But let me say this. I’ve been talking about it in various ways, including this post.
Actually, a great deal in this post.
Cheers
Dean
Either way, I always look forward to seeing what you do post! Thanks much for all the effort.
D.
Actually, a pen name post is no problem. I’ll do that at some point soon. And writing reasons to use one or more.
As to who to query for novels and how, that’s the marketing workshop that takes a week to make sense of it all. And more importantly, how to write a query. When we started the master class, I kept wondering over the next few years why most of the writers were not selling novels. Then we started a novel workshop that required them to do a proposal and query as well as just talking about the book and I suddenly understood. None of them knew how to write a decent proposal or query, so their great books and writing were never getting read. And many of them didn’t even know which genre they were working in, thus were sending to the wrong editors. And most of them had bought into the agent myth and were just targeting agents only, never sending to a person who could actually buy the book. That’s why the marketing workshop and other workshops like it over the last few years. Now a ton of them are selling novels and at least getting them read by editors.
Cheers
Dean
That’s good to know. I do have a couple novels in front of editors at the moment, but with more and more wanting “agented only” it’s tough to know what to do (aside from continuing to query agents, that is).
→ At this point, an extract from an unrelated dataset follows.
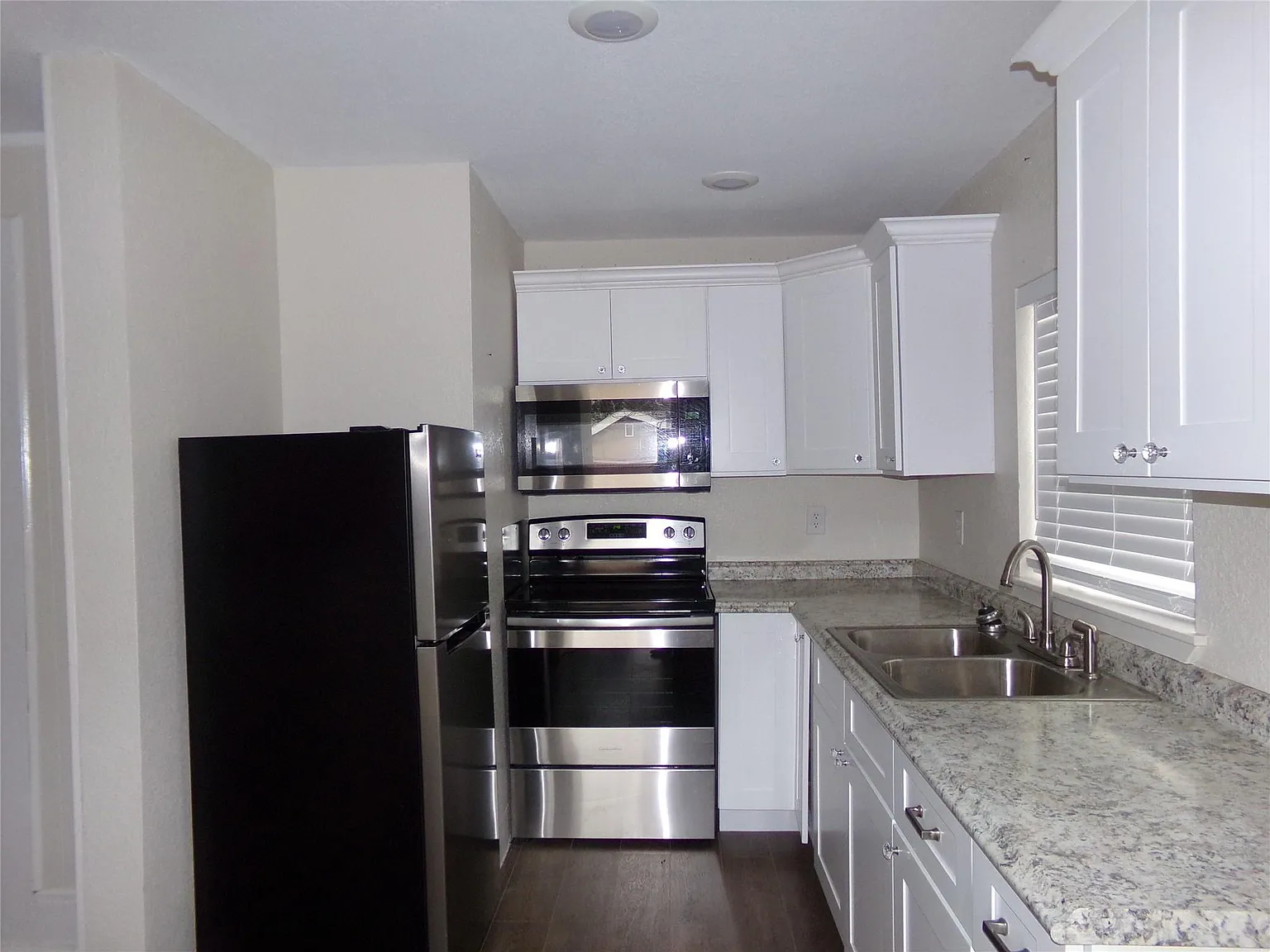 1 bed, 1.0 bath, 484 sqft, $700 — Photo 2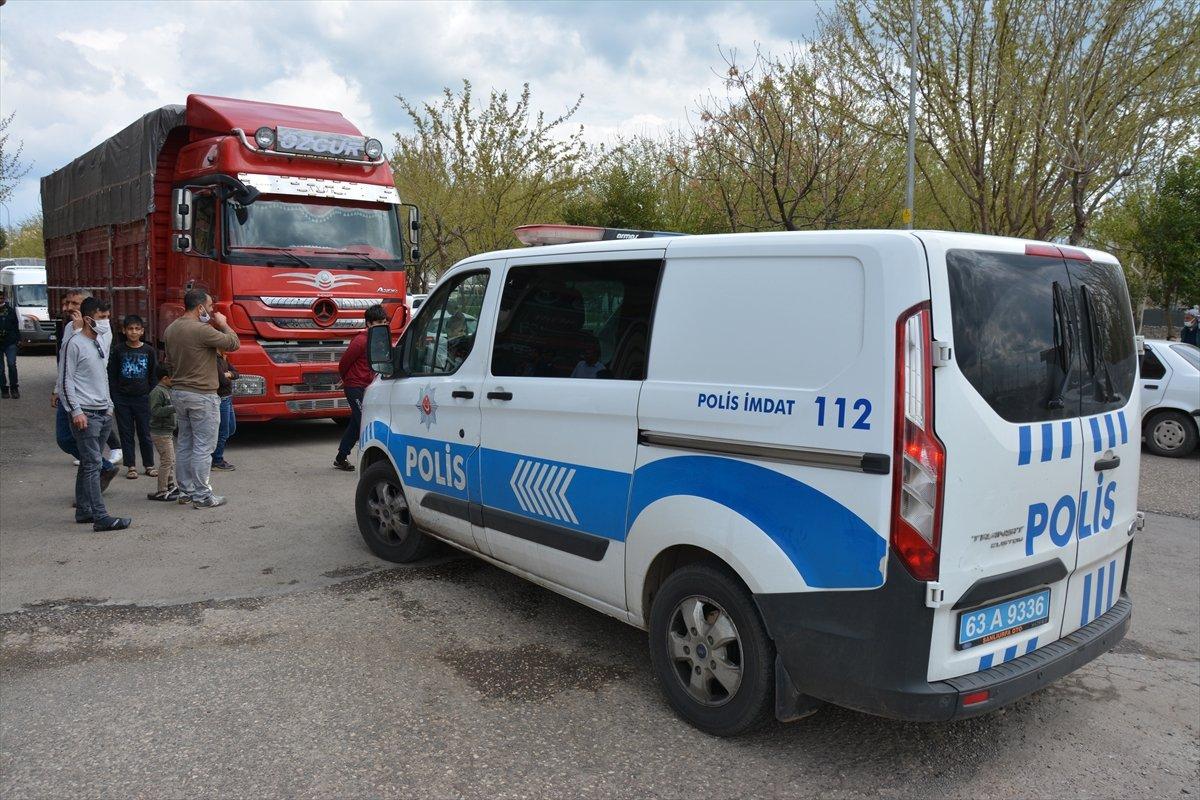 Şanlıurfa'da 4 kişinin bulunduğu motosiklet kaza yaptı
And “ugh!!” yes my query letter likely stinks, but I’m working on it.
Speaking of which genre: A big-name science fiction editor looked at a MS of mine, had plenty of helpful comments, and also ultimately pronounced it fantasy. So, ok, I then had a big-name editor of fantasy look at it. Second editor was also incredibly nice and polite, and declared that it is science fiction.
And frustrating as I found that, I just have to laugh. (And not give up, of course.) What else can you do?
A great post, Dean. Something I needed to hear again, especially when it feels I’m running in place.
And glad mistakes are allowed, because I’m still making a ton…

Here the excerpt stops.